- _WHAT YOU WILL DO_: Repeat the data below exactly, dropping any pictures it holds.

-- GIVEN MATERIAL follows --

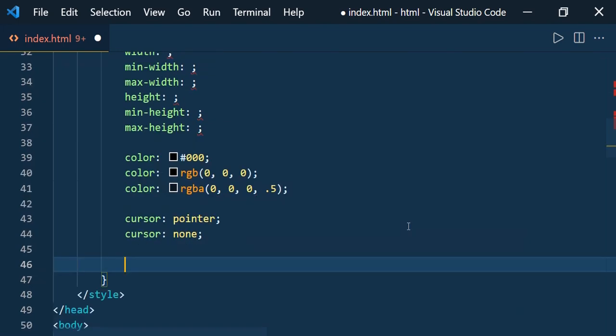These are some of the commonly used CSS Emmet shorthands, and you can explore others as well. Hope this video was helpful for you. Please subscribe to my channel and press the bell icon for all updates. Thank you for watching.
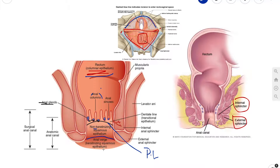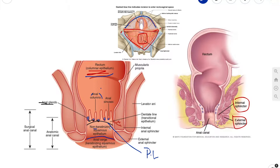The third thing is the nerve supply. Above the pectinate line, we have visceral innervation via the inferior hypogastric plexus, which is sensitive to stretch. Below the pectinate line, we have somatic innervation via the inferior anal nerves, which are branches of the pudendal nerve — sensitive to pain, temperature, touch, and pressure.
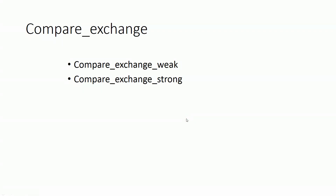Let's discuss the compare exchange function. Compare exchange can be considered as one of the cornerstone operations in the atomic realm. Throughout this section, we will use this compare exchange operation extensively for synchronization purposes. Let's see what we can do with the compare exchange operation.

-- GIVEN MATERIAL concluded --

- _EXPECTED ANSWER_:
These are some of the commonly used CSS Emmet shorthands, and you can explore others as well. Hope this video was helpful for you. Please subscribe to my channel and press the bell icon for all updates. Thank you for watching.
The third thing is the nerve supply. Above the pectinate line, we have visceral innervation via the inferior hypogastric plexus, which is sensitive to stretch. Below the pectinate line, we have somatic innervation via the inferior anal nerves, which are branches of the pudendal nerve — sensitive to pain, temperature, touch, and pressure.
Let's discuss the compare exchange function. Compare exchange can be considered as one of the cornerstone operations in the atomic realm. Throughout this section, we will use this compare exchange operation extensively for synchronization purposes. Let's see what we can do with the compare exchange operation.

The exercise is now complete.